= NetTraveler =

Computer spyware

NetTraveler or TravNet is spyware that dates from 2004 and that has been actively used at least until 2016, infecting hundreds of often high-profile servers in dozens of countries.

The name of this malware is based on the fact that early versions of it contained the string "NetTraveler is Running!". It is used by attackers for advanced persistent threats to survey their victims. It can transfer large amounts of private information from systems of victims to C&C servers, functioning as a trojan horse and backdoor to these systems.

Spear-phishing with Office documents like MS Word documents is used to infect vulnerable systems, targeting the vulnerabilities. The attackers use news articles that are relevant to their targets for their spear fishing.

Kaspersky Lab found that certain victims that were infected with NetTraveler were also infected by Red October, although no direct relation with this malware was established. The multiple infections might be accounted for by the fact that these were high-profile victims like government agencies, nuclear power installations and embassies in dozens of countries.

Command and Control servers that were involved in NetTraveler attacks were located in the United States, Hong Kong and China, which used more than 100 URLs.
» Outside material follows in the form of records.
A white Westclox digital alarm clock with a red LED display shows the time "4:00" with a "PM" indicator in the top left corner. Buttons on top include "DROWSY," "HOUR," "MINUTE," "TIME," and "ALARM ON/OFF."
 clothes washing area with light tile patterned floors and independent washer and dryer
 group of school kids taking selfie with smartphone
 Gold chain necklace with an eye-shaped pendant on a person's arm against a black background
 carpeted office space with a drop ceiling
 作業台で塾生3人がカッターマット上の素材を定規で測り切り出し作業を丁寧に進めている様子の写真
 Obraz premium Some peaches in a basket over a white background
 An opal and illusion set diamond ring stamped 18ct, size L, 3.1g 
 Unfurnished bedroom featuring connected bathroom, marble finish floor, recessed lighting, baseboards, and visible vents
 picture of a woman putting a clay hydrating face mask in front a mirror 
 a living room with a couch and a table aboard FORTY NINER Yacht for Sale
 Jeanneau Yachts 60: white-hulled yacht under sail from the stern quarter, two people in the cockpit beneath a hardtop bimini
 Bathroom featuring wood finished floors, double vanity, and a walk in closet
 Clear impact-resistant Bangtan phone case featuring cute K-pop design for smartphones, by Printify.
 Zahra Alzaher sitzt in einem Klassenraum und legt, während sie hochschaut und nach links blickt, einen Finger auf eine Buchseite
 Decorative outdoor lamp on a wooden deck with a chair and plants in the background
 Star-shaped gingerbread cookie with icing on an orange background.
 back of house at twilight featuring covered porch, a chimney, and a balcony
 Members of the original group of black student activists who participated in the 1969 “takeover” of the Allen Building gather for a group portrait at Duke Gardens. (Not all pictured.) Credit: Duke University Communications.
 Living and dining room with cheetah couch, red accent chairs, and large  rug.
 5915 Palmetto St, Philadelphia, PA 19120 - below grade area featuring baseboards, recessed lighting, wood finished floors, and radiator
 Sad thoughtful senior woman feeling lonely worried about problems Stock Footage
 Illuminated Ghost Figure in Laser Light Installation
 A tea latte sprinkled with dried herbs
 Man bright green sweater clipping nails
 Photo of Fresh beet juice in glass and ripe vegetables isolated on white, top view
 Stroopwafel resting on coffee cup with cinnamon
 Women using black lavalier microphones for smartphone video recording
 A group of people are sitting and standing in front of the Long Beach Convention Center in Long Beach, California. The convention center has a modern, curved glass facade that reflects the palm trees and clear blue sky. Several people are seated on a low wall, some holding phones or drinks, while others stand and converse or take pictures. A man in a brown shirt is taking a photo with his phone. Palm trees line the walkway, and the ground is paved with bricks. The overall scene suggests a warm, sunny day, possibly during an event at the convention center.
These C&C servers mostly ran IIS 6/7.

According to Kaspersky Lab, NetTraveler is used by a medium-sized threat actor group from China.

There are several ways to get rid of NetTraveler on an infected system, like with Virus Removal Tools and the SpyHunter Removal Tool. It is also possible to remove this malware manually.

Specially targeted countries included Russia, India, Pakistan, Mongolia, Kyrgyzstan and Kazakhstan.